Albers said, “We have one complaint that represents a rape.”
“The crimes have been committed by a group of people who mostly come from the North African and Arab countries.”
Albers said that when the group of about 1,000 men began throwing fireworks from the top of steps into crowds below, police tried to clear the square, but the men split up into smaller groups and began attacking people.
Police were able to arrest only five men.
A female victim of sexual assault, identified simply as 28-year-old “Katja L,” described her experience with two female friends and a male friend to the German newspaper Der Express .
“When we came out of the station, we were very surprised by the group [of exclusively young foreign men] that met us there. We then walked through this group of men. There was an alley through [the men] which we walked through. Suddenly I felt a hand on my buttocks, then on my breasts, in the end, I was groped everywhere. It was a nightmare. Although we shouted and beat them, the guys did not stop. I was desperate and think I was touched around 100 times in the 200 meters. Fortunately I wore a jacket and trousers. A skirt would probably have been torn away from me.”
Another victim described how the men laughed as they pulled her hair and tore off her tights and underwear, shouting “f**ky, f**ky.”
Police said that in addition to the sexual assaults the gang of “foreign-looking men” also engaged in drunken brawls.
Police handling of the incident has come under scrutiny. According to reports, the police response was grossly inadequate. Only 10 officers were dispatched to the station following complaints of sexual assaults. Police were also criticized for making only five arrests despite security cameras at the scene of the crimes.
While some have raised questions about claims that the men were migrants, some media reports said that police found the arrested men carrying official immigration papers.
German media reports quoted Albers saying it was “an intolerable situation that such crimes are committed in the middle of the city.”

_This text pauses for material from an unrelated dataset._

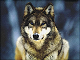 Gray Wolf's Avatar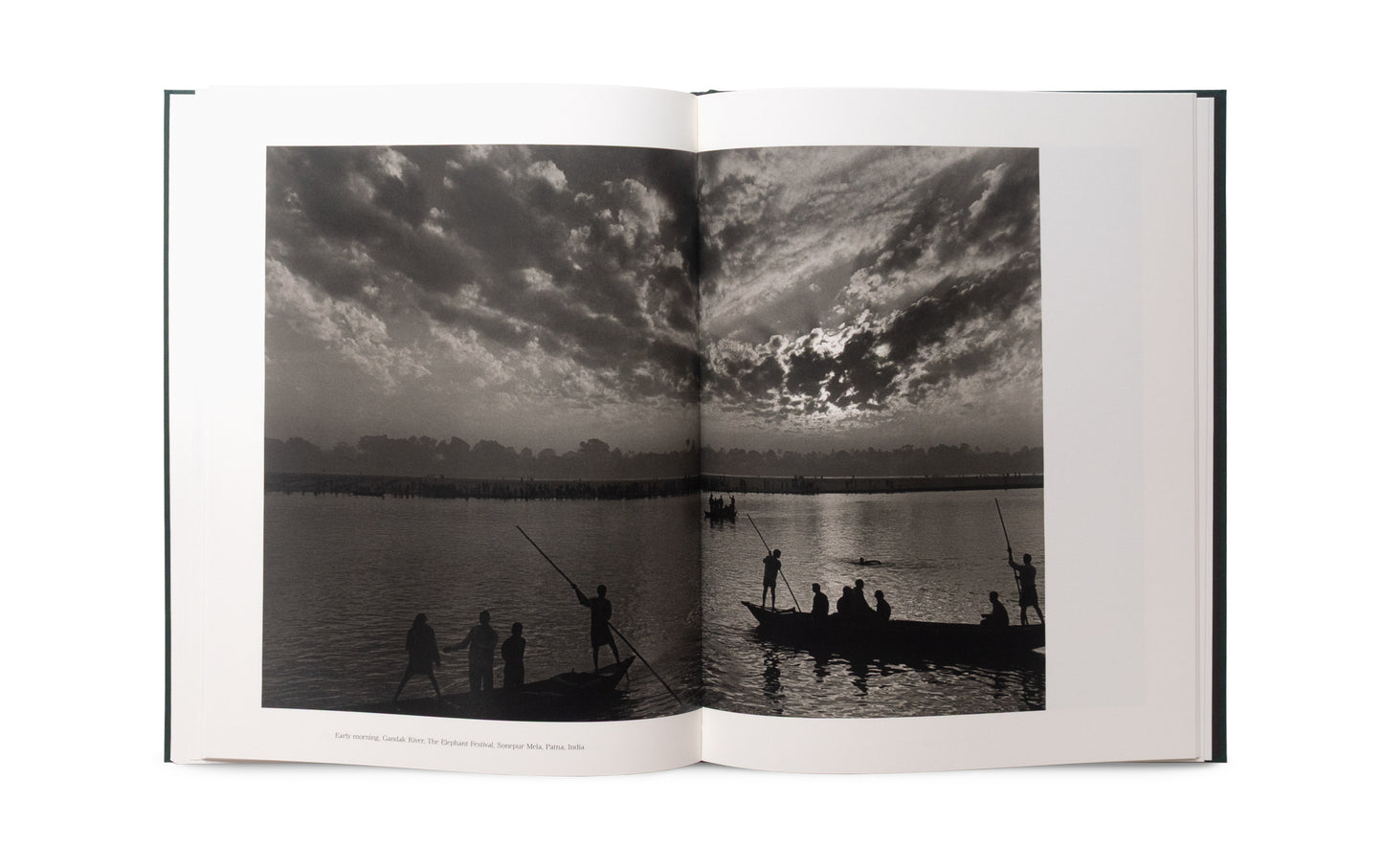 The Stillness of Life - Signed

Justice Minister Heiko Maas described the incident as a “new scale of organized crime.”
German Chancellor Angela Merkel expressed shock at the incident. Cologne Mayor Henriette Reker described it as “unbelievable and intolerable.”

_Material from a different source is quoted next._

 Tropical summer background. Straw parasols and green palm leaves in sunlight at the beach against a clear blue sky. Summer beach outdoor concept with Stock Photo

Merkel reportedly told Reker in a phone call, “Everything must be done to investigate those responsible as quickly and completely as possible and punish them, regardless of where they are from.”
But integration commissioner Aydan Ozoguz warned against the tendency to use the incident as an excuse to put foreigners and refugees under a “blanket of suspicion.”

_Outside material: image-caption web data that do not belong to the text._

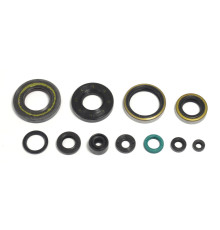 ATHENA Комплект Комплект Прокладок для двигуна KAWASAKI KX 250 '95-'04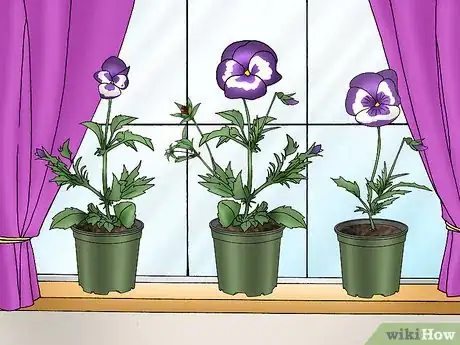 Imagen titulada Make Pansies Bloom Again Step 10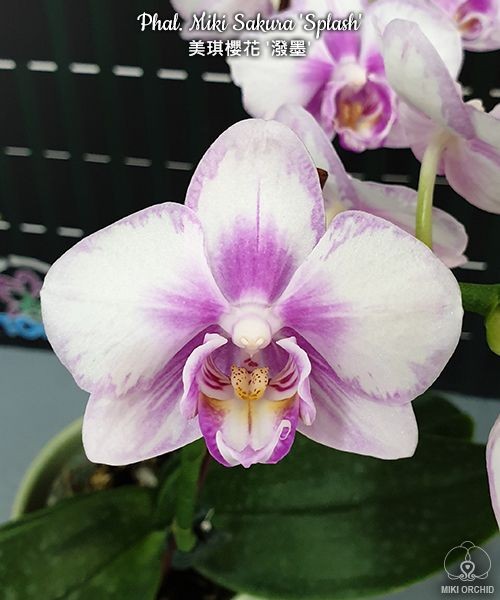 Phal. Miki Sakura 'Splash' 2.5''
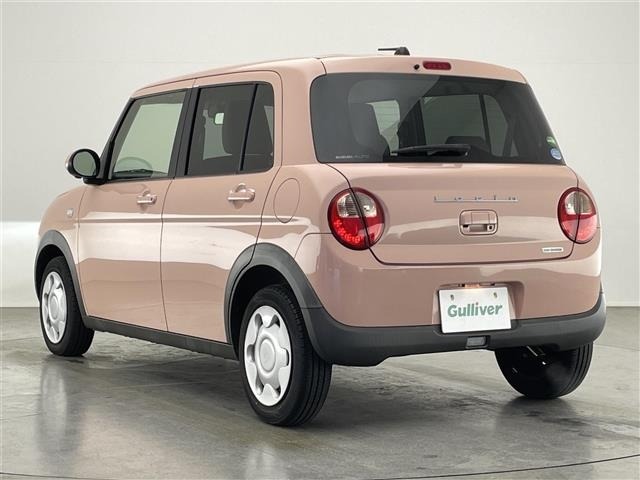 Suzuki LAPIN 2016 6990202-22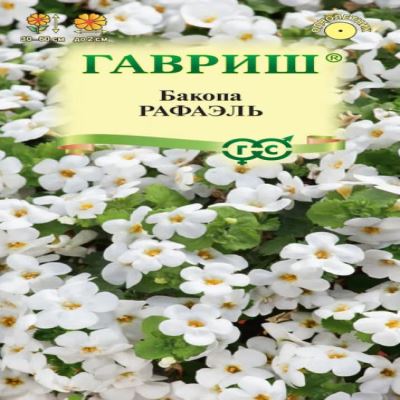 Бакопа Рафаэль, 3 шт семян (Лучшая цена)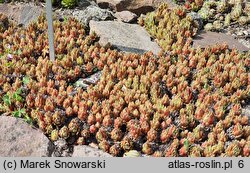 Sempervivum arachnoideum Minor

However, the latest incident is certain to further fuel anti-migrant sentiments in Germany and increase support for right-wing groups calling for the government to stop letting in refugees.
Germany took in about one million refugees from Middle Eastern areas affected by war last year, more than any other European or Western country.
Germany remains divided over the decision to take in refugees from the Middle East. Groups supporting and opposing refugees have held demonstrations and protests.